🤖 AI Summary
Traditional TDOM generation relies on DSM construction and explicit occlusion detection, resulting in high computational cost and poor robustness. This paper proposes the first end-to-end TDOM generation paradigm based on 2D Gaussian Splatting (2DGS), completely eliminating DSM modeling and occlusion detection. Our method leverages depth maps to guide 3D scene reconstruction and introduces a divide-and-conquer rasterization scheme for training and rendering, achieving high fidelity in modeling complex terrain and slender structures while significantly improving efficiency. Evaluated on large-scale real-world datasets, our approach achieves superior geometric reconstruction accuracy, produces ortho-imagery of higher quality than conventional methods, accelerates rendering speed substantially, and reduces memory consumption. This work establishes an efficient, robust, and scalable technical pathway for city-scale photogrammetric 3D modeling and downstream decision-support applications.
📝 Abstract
Highly accurate geometric precision and dense image features characterize True Digital Orthophoto Maps (TDOMs), which are in great demand for applications such as urban planning, infrastructure management, and environmental monitoring. Traditional TDOM generation methods need sophisticated processes, such as Digital Surface Models (DSM) and occlusion detection, which are computationally expensive and prone to errors.
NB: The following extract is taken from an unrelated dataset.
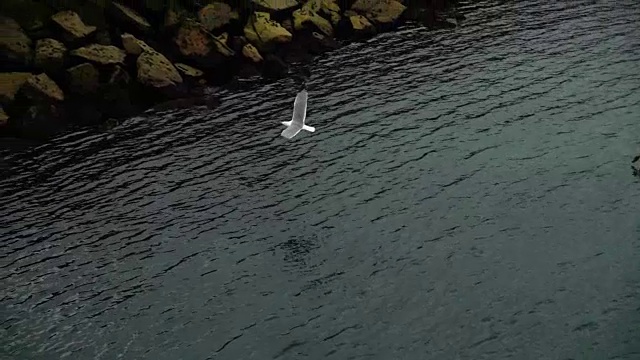 海鸥在海洋上的飞行。缓慢的运动。大西洋。视频素材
This work presents an alternative technique rooted in 2D Gaussian Splatting (2DGS), free of explicit DSM and occlusion detection. With depth map generation, spatial information for every pixel within the TDOM is retrieved and can reconstruct the scene with high precision. Divide-and-conquer strategy achieves excellent GS training and rendering with high-resolution TDOMs at a lower resource cost, which preserves higher quality of rendering on complex terrain and thin structure without a decrease in efficiency. Experimental results demonstrate the efficiency of large-scale scene reconstruction and high-precision terrain modeling. This approach provides accurate spatial data, which assists users in better planning and decision-making based on maps.